Just as Hugo's conception of identifying the philosophy of law totally with a philosophy of the already positive law -- faithful to his motto that all things juridical were a matter of putting up with what had once been given -- was counter-rationalism, so also was Savigny's early (1802-03) method of reducing philosophy to systems theory, contrary to Hegel's great composition, On the Manner of Scientific Treatment of the Law of Nature, its Position in Practical Philosophy, and its Relationships to the Sciences of Positive Law. Savigny liberated the lawyer from any knowledge, except from the mere preliminary knowledge of philosophy as something superfluous to him. In contrast, Hegel demonstrated that everything needs to justify its existence before the tribunal of reason, and decried the attempt to separate civil law from history and reason and to treat it as a being in itself. [18] Here, Savigny and Hegel attacked the law of nature from opposite positions: One declares it as indifferent ("jurisprudence can be studied without natural law and with it as well"); the other declares that the previous a priori and a posteriori manners of treating natural law were scientifically irrelevant because they were unable to identify the respective characteristics of that which was universal and that which was particular in the totality of historically developing life.

The research program identified with the Historical School of Law is less action than reaction. The two principal scientific works of Savigny to be considered in this context, his treatise, On the Vocation of our Time for Legislation and Jurisprudence (1814) and his introductory composition, On the Purpose of the Journal for Historical Jurisprudence (1815), are pamphlets more marked for their 'cons' than their 'pros,' especially their position on Thibaut. In this context, one often-forgotten fact is worth mentioning: Thibaut had not initiated the dispute about the need for codification in Germany and about the ability of the Germans to achieve this aim. Thibaut was only responding to an attack commenced by August Wilhelm Rehberg, in his book, On the Code Napoleon and its Introduction in Germany (1814), against the legislative legacy of the French Revolution. Thus, Savigny's anti-Thibaut pamphlet in fact can be characterized as a defense of Rehberg. This is the same Rehberg whose Investigations on the French Revolution, published twenty years earlier, had previously been criticized by no less an authority than Johann Gottlieb Fichte, in his Contribution on Correcting the Judgments of the Public on the French Revolution. [19]

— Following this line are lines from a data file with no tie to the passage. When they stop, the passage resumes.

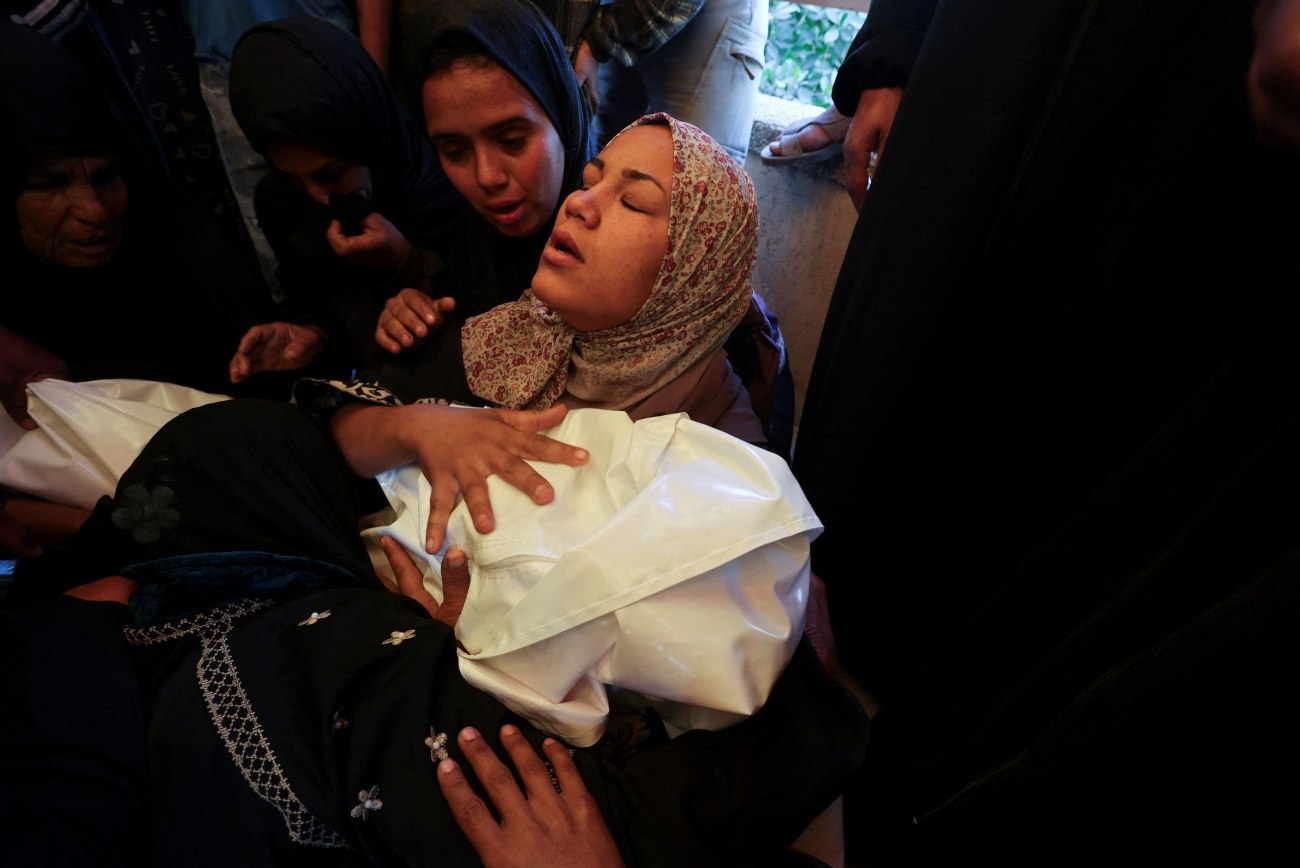 Γάζα: Ανατριχιαστικό – Ο αριθμός των νεκρών ήταν τρεις φορές μεγαλύτερος στους 16 πρώτους μήνες του πολέμου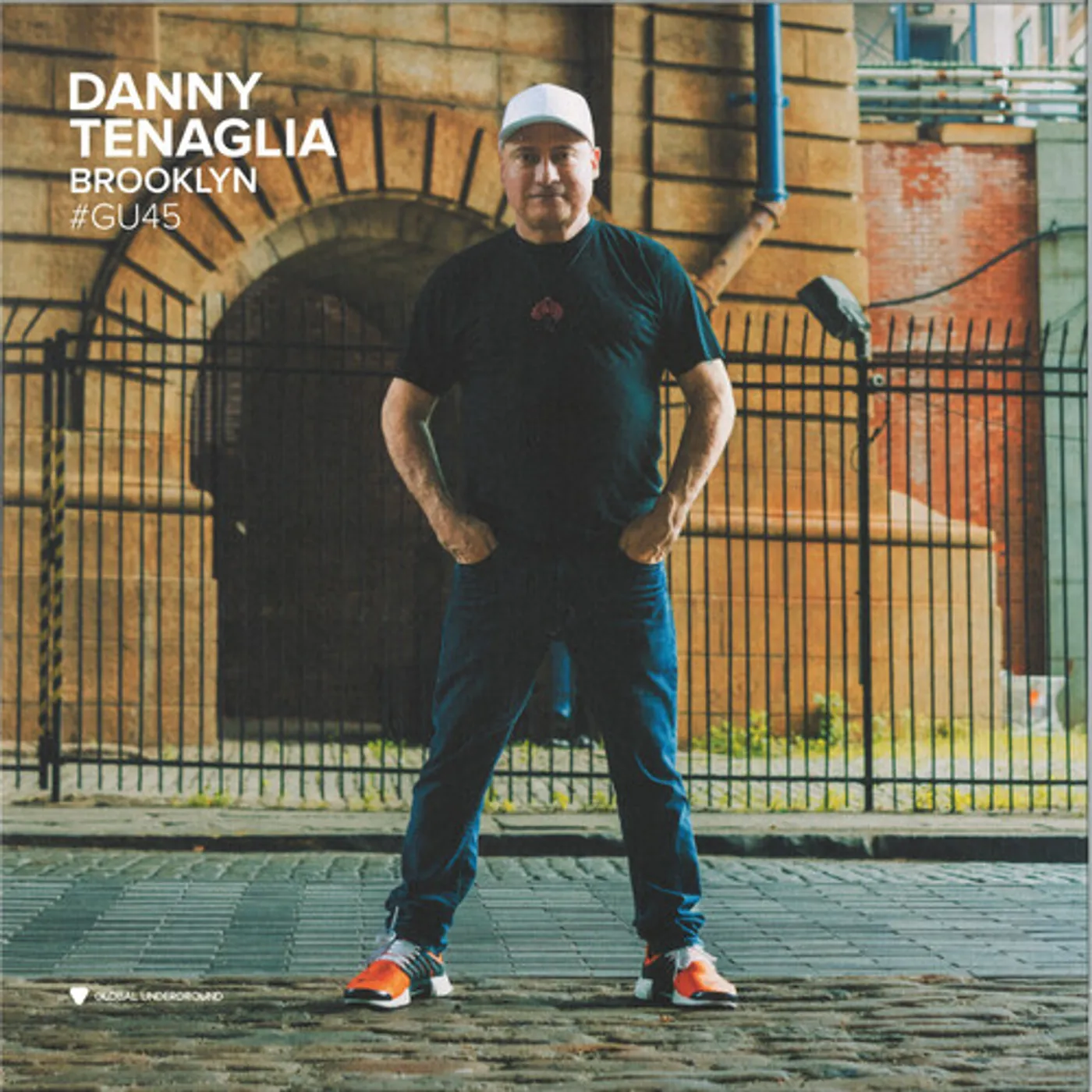 GLOBAL UNDERGROUND #45: DANNY TENAGLIA - BROOKLYN Vinyl Record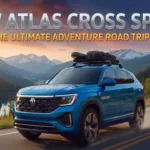 vw atlas cross sport​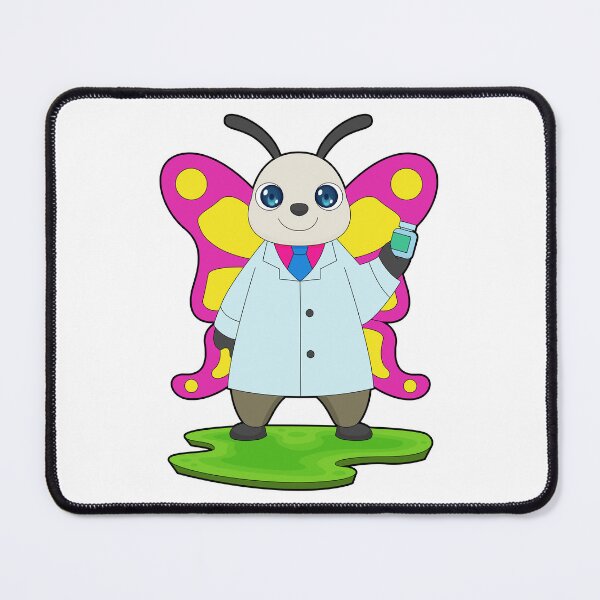 Item preview, Butterfly Doctor Medicine designed and sold by Snabdesign84.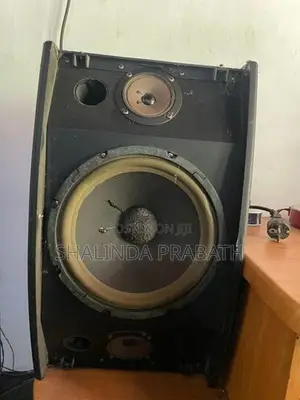 Woofer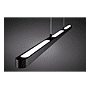 SUSPENSION LENTO BLE LED 1X43W TUNW NOIR photo du produit visuel_5 S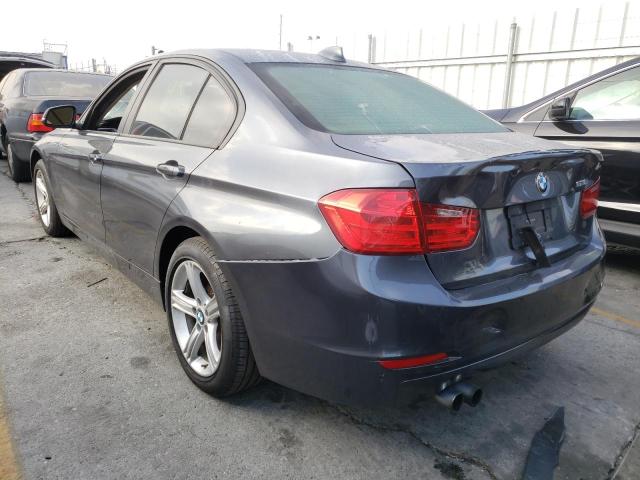 Photo 6 from auction – 2012 BMW 328 I with VIN WBA3A5C57CF340288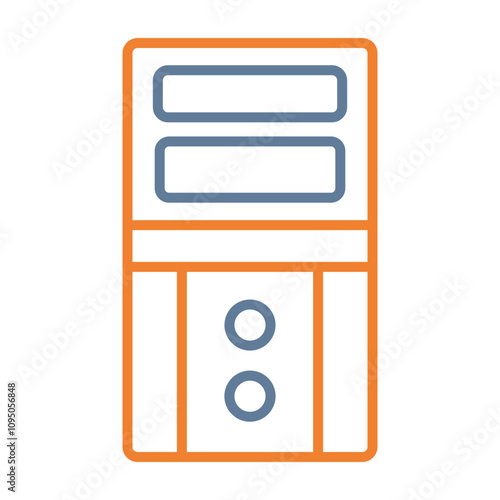 Cases Icon Design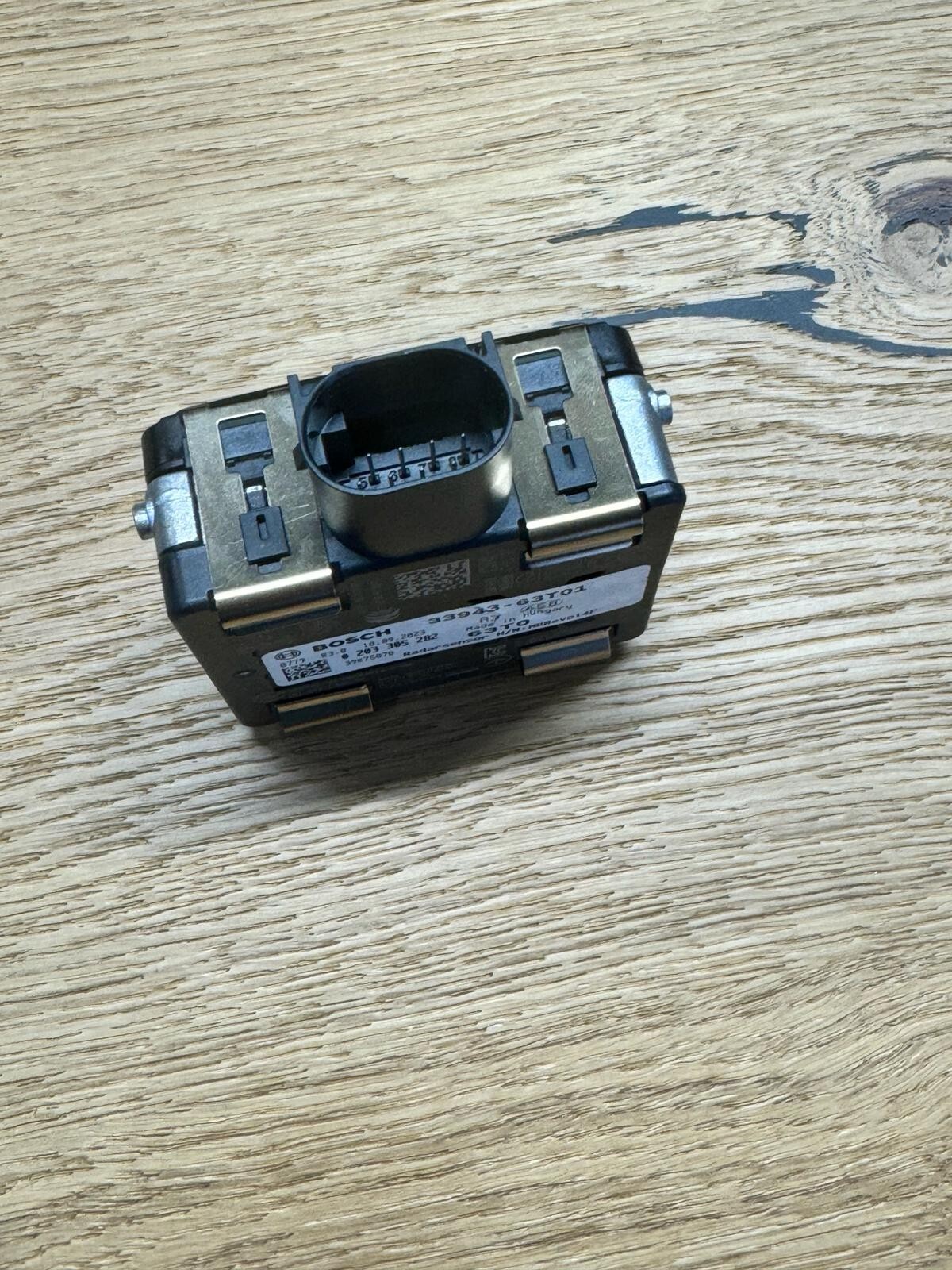 33943-63T01 SUZUKI SENSOR RADAR 33943-63T01 ACC RADAR SENZOR SUZUKI ACC RADAR - Obrázek 15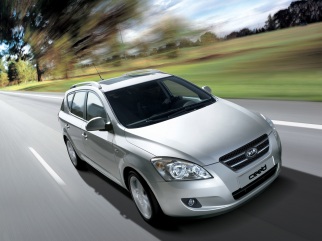 Kia Ceed Sporty Wagon , 2007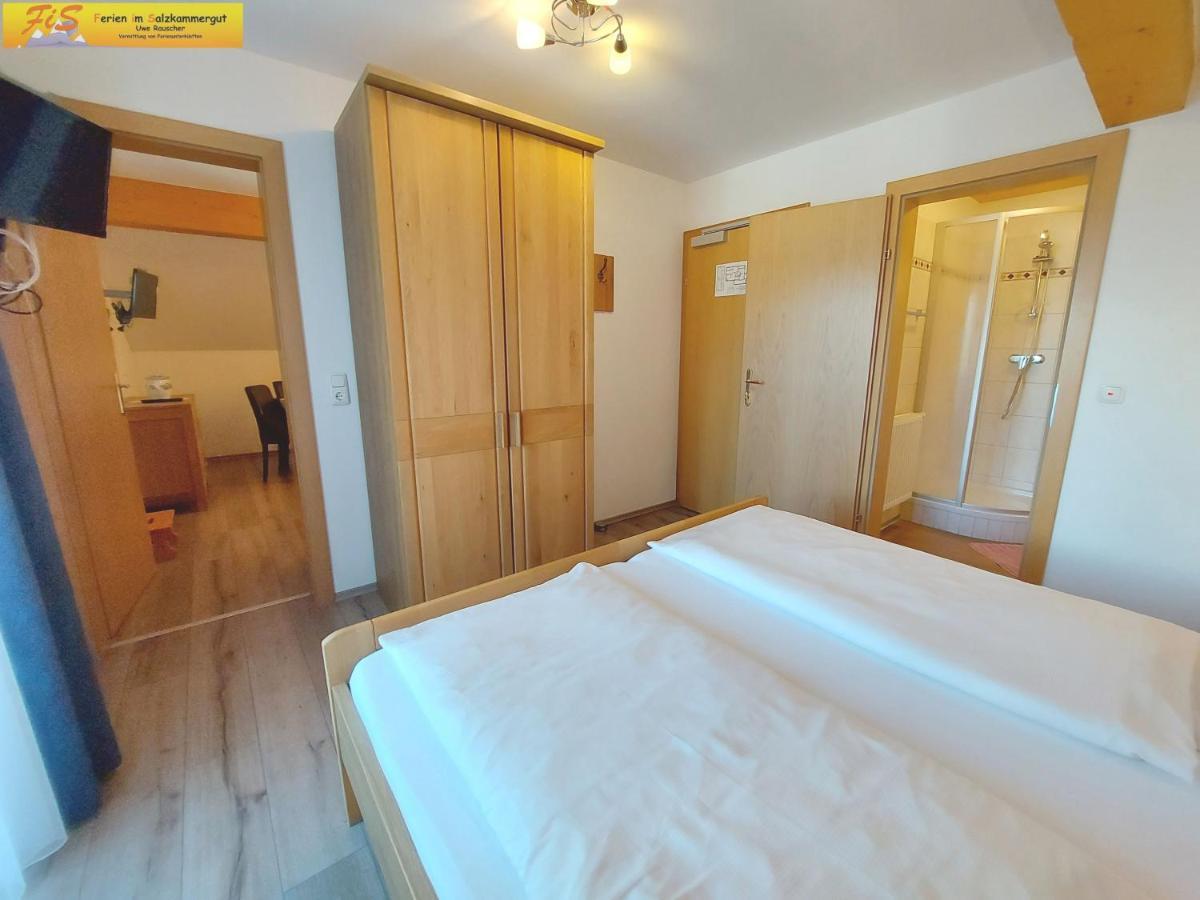 Appartement Haus Sandlweber à Bad Mitterndorf Extérieur photo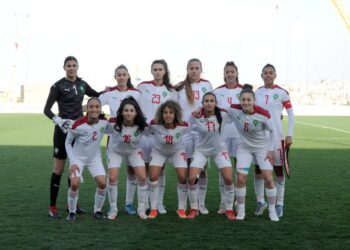 معسكر إعدادي للمنتخب الوطني المغربي النسوي إستعدادا لكأس إفريقيا للأمم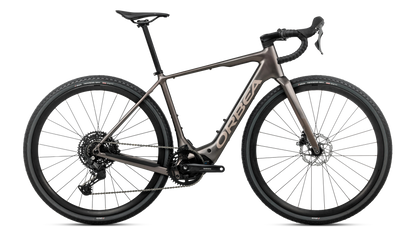 NEW 2027 Orbea Denna H50 28mph Electric Gravel Bike - Shimano CUES U6000
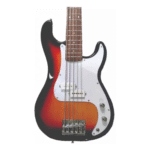 Bajo Electrico de Precision Caraya B-305 BS Sombreado - Image 2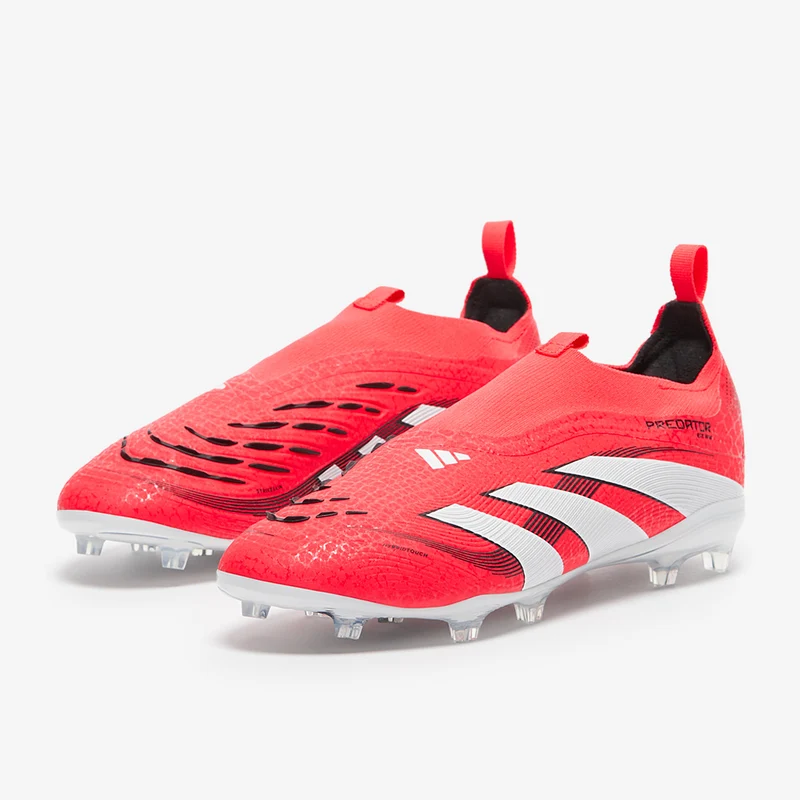adidas Predator Elite Laceless FG pour Enfant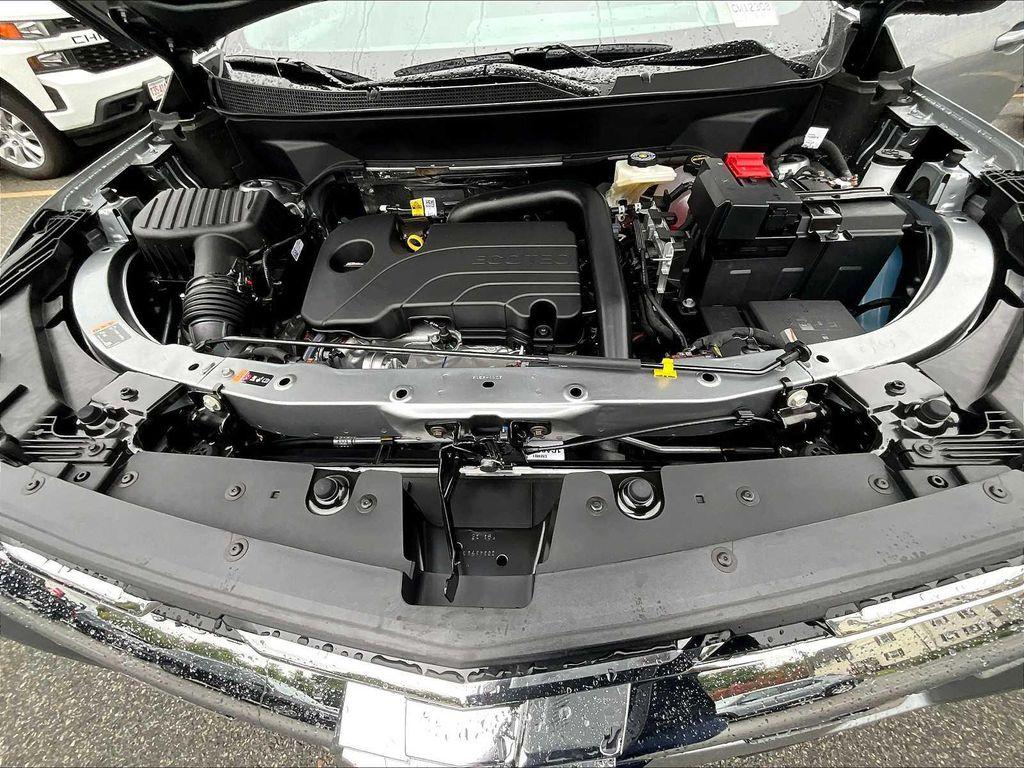 new 2026 Chevrolet Equinox car, priced at $32,465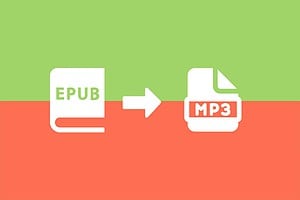 EPUB to Audiobook Converter-EPUB转有声读物器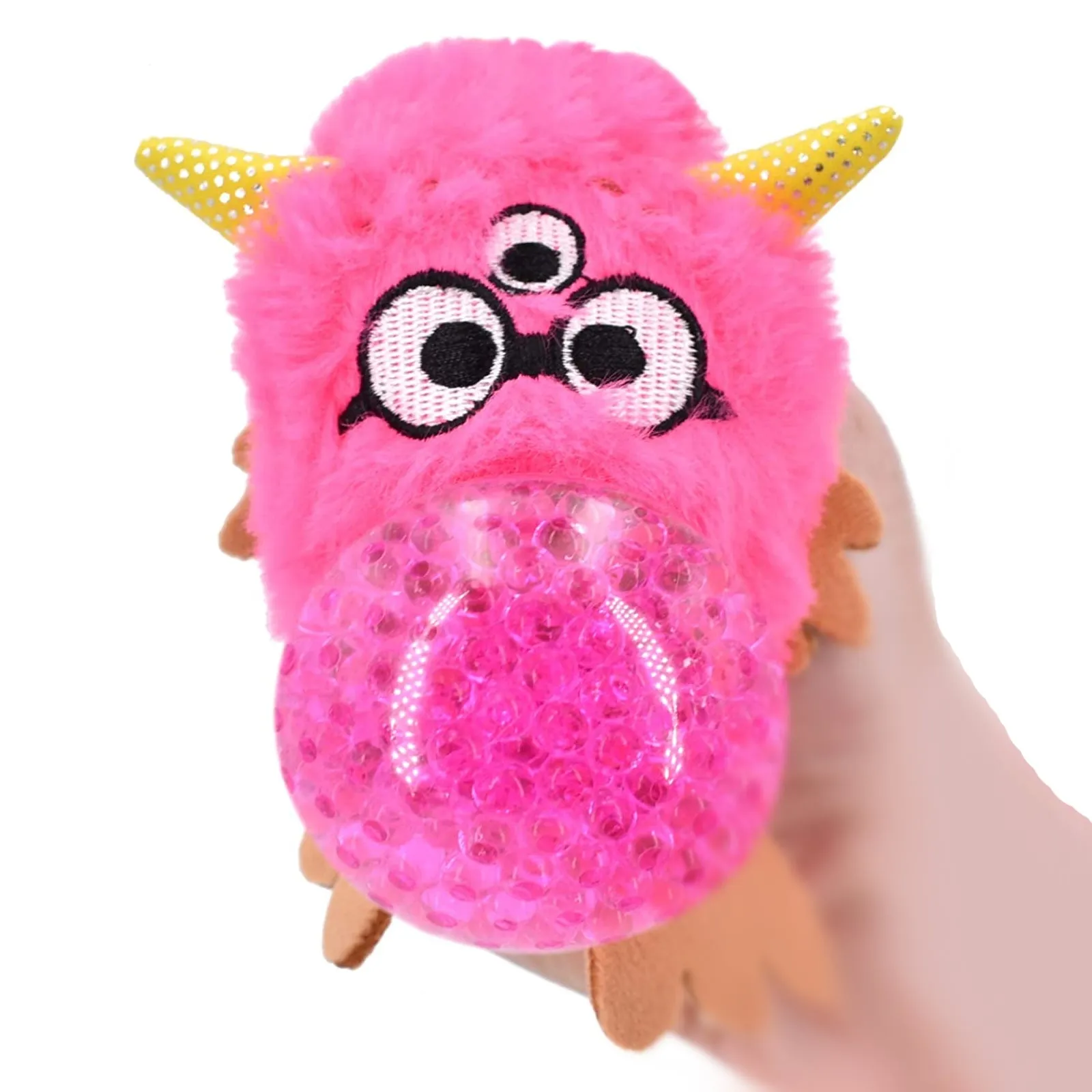 Plush Jelly Squeezers Monsters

To dismiss this as a scholarly quarrel misses the point about the significance of this rejection by Savigny of Thibaut's demands for a German national civil code. ("The cost for each country will hardly be more than the maintenance of a few actresses." [20]) Even the usually accepted understanding of the Thibaut-Savigny dispute as an internal German affair falls short of the mark. Crucial to their dispute is the claim to the universality of the French Revolution, in the sense of the inevitability of human progress from feudalism to capitalism within the framework of the Dutch, American, and, of course, English Revolutions.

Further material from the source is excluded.